The globalization of the Christian Right is emerging at a time when most Ugandans, including highly placed politicians, are looking to religious leaders for answers to problems facing the country. The objective of protecting the African traditional family as mentioned in the preamble of the bill digs deep into the conservative agenda that the legislation seeks to promote.
The growing movement of evangelicals in Africa has ushered in a new era of Eurocentric thoughts and beliefs on family, sex, and marriage. Same-sex relationships are condemned because “they are not in line with God’s purpose for procreation,” an idea that the evangelical tradition shares with traditional African culture except for different reasons. While African culture espouses sex for procreation as a way of continuing family lineage, the evangelical tradition espouses procreation on the basis that non-child bearing sexual relationships are against God’s intention for marriage.
As American evangelicals bring their theology of “sexual uprightness” to Africa they meet a people who are not only threatened by the promotion of human rights (which in Africa could pass as the “return” of colonialism) but are strongly attached to continuation of family lineage through child bearing. On a continent where people are still threatened by human rights, adverse anti-gay sentiments are becoming more visible and it is almost difficult to eliminate them because of the theology through which they are propagated.
The arguments against separation of church and state have birthed a sexual revolution that has led to the rise of anti-gay movements in Africa. It is a major cultural shift between African tradition and its “live and let live” stance on non-heterosexual relationships and western-bred evangelical theology which places procreation at the center of human sexual relationships.

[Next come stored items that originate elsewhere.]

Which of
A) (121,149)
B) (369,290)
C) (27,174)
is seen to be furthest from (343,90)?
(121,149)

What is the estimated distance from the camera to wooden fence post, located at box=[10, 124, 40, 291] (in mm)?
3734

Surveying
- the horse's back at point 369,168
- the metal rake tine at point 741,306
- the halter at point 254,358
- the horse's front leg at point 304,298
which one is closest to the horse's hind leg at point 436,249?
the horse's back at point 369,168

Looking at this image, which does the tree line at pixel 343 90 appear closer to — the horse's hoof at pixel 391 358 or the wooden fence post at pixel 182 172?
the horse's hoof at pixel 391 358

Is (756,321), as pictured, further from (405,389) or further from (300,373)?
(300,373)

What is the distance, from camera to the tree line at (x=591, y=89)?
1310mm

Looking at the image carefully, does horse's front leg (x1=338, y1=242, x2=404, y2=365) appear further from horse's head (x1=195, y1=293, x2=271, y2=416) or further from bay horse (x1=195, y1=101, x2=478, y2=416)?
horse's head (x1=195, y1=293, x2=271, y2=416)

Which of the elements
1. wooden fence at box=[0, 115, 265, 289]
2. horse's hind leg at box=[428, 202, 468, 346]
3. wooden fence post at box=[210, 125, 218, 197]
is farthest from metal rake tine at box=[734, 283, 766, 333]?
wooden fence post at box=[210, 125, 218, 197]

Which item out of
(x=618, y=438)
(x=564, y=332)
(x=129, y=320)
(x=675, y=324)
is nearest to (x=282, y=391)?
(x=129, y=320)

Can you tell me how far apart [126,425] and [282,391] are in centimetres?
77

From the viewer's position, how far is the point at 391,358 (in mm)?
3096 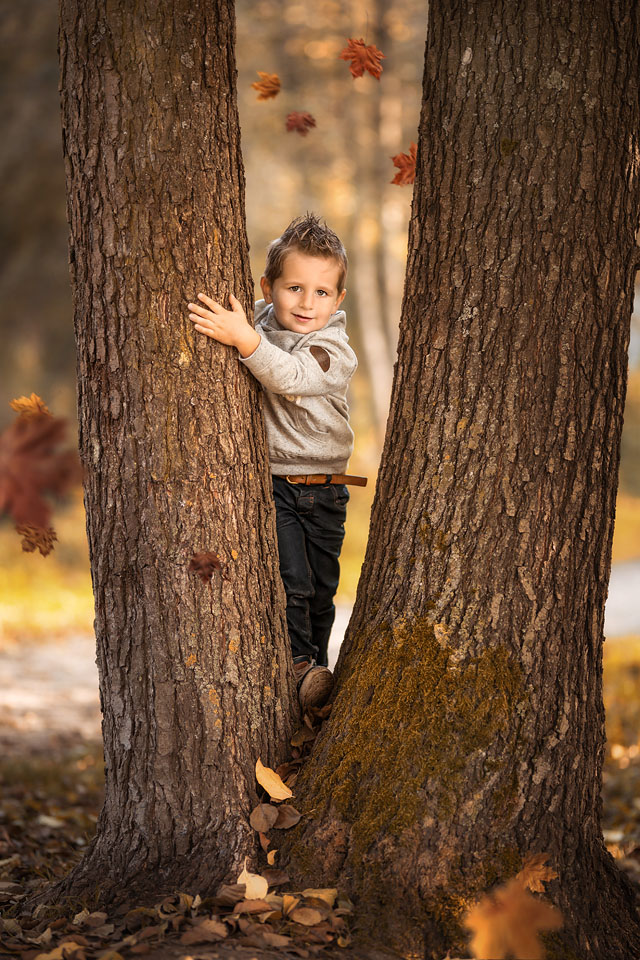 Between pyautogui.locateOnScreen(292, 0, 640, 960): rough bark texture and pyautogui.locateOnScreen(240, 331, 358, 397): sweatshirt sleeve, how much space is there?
0.41 metres

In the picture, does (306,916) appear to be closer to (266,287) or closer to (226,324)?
(226,324)

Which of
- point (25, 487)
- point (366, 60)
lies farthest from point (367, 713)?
point (366, 60)

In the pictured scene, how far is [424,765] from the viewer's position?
2367 mm

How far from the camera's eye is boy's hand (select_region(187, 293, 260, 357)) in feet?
8.19

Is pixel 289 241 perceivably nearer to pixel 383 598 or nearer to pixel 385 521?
pixel 385 521

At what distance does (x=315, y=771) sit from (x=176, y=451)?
1.02 meters

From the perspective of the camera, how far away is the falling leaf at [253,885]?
2.25 metres

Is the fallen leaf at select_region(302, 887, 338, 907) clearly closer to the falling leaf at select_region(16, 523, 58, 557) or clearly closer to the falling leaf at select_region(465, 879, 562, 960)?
the falling leaf at select_region(465, 879, 562, 960)

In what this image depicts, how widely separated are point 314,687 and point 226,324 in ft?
3.87

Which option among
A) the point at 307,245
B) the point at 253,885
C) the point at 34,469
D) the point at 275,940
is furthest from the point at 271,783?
the point at 307,245

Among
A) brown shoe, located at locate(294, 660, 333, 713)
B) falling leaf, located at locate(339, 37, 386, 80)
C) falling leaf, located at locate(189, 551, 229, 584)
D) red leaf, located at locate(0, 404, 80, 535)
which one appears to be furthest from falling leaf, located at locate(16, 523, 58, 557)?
falling leaf, located at locate(339, 37, 386, 80)

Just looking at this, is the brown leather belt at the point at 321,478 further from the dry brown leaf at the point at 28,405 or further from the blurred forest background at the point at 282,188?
the blurred forest background at the point at 282,188

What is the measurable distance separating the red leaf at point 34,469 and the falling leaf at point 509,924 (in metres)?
1.50

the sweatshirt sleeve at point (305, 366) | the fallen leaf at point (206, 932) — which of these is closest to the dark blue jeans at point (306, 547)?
the sweatshirt sleeve at point (305, 366) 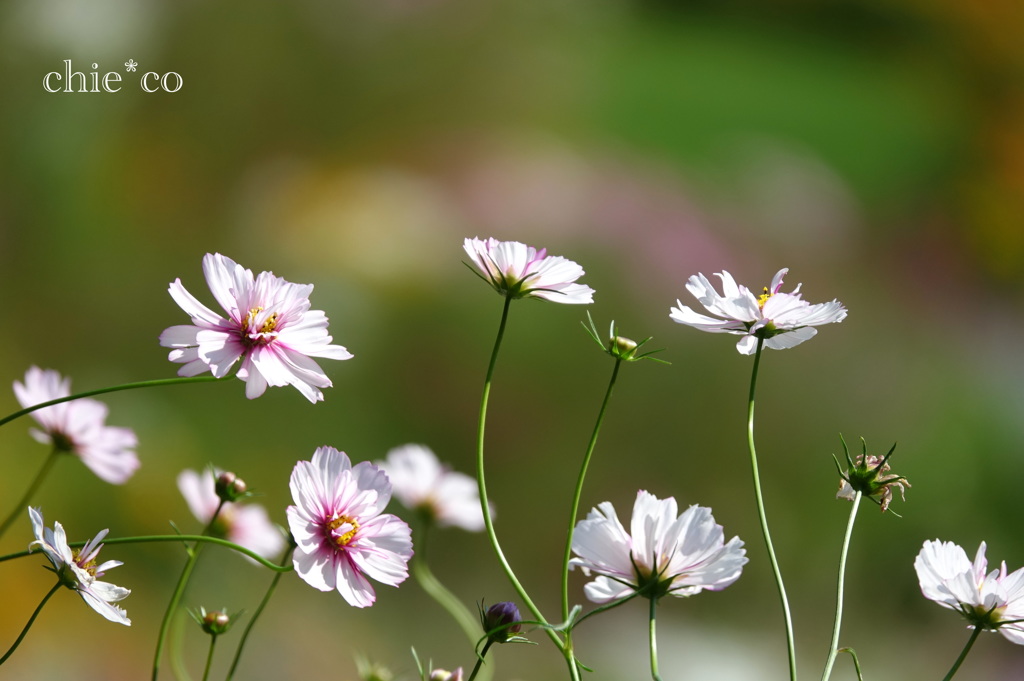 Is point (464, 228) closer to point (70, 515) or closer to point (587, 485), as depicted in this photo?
point (587, 485)

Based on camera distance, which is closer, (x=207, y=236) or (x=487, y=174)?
(x=207, y=236)

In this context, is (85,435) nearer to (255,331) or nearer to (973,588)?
(255,331)

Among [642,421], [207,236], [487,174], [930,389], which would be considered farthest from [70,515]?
[930,389]

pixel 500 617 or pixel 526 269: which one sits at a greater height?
pixel 526 269

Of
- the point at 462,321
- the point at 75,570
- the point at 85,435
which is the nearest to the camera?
the point at 75,570

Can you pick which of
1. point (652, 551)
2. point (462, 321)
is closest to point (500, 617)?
point (652, 551)

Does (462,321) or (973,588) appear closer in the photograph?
(973,588) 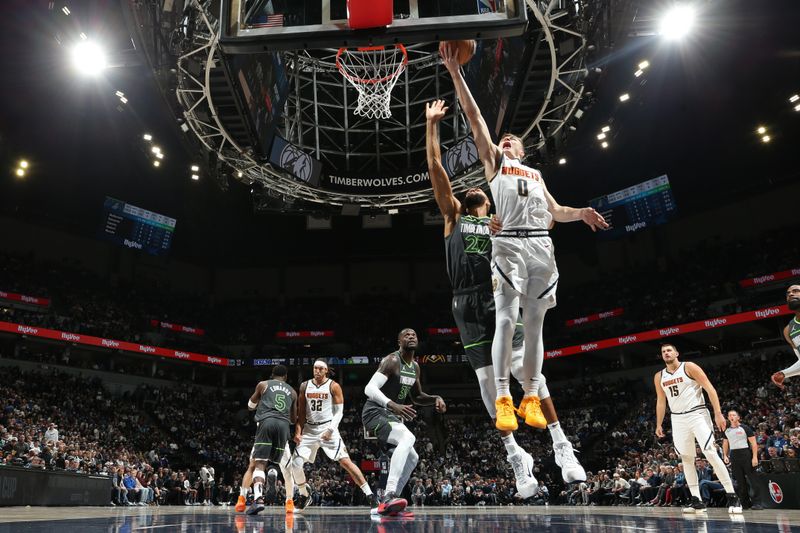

Most Christian fundamentalists believe that states would not function well unless they sought guidance from a higher power. From Francis Schaeffer to Janet Museveni, the long trajectory of the Christian Right is proof that the “gays are a threat to state power” mindset has always informed their politics and theology.
President Museveni has assured donors that he has the anti-homosexuality bill under control. His adviser Nagenda even urged diplomats to not to publicize the bill as this would spark off more anti-gay sentiments in the country. However, based on the weight of advocacy that has been done by human rights activists to ensure that a bill which could have become law two years ago is still lurking in parliament and has been opposed by cabinet, we cannot keep silent and put our trust in the words of a leader of state who appears as an ally at donor tables but speaks so violently of LGBT rights whenever he wants to use it as a strategy to remain popular especially among religious groups.
Hopefully, President Museveni will step up his promise to “handle” the bill. We will not allow the future of LGBT rights and human rights in general to be determined by the First Lady and her evangelical cohorts.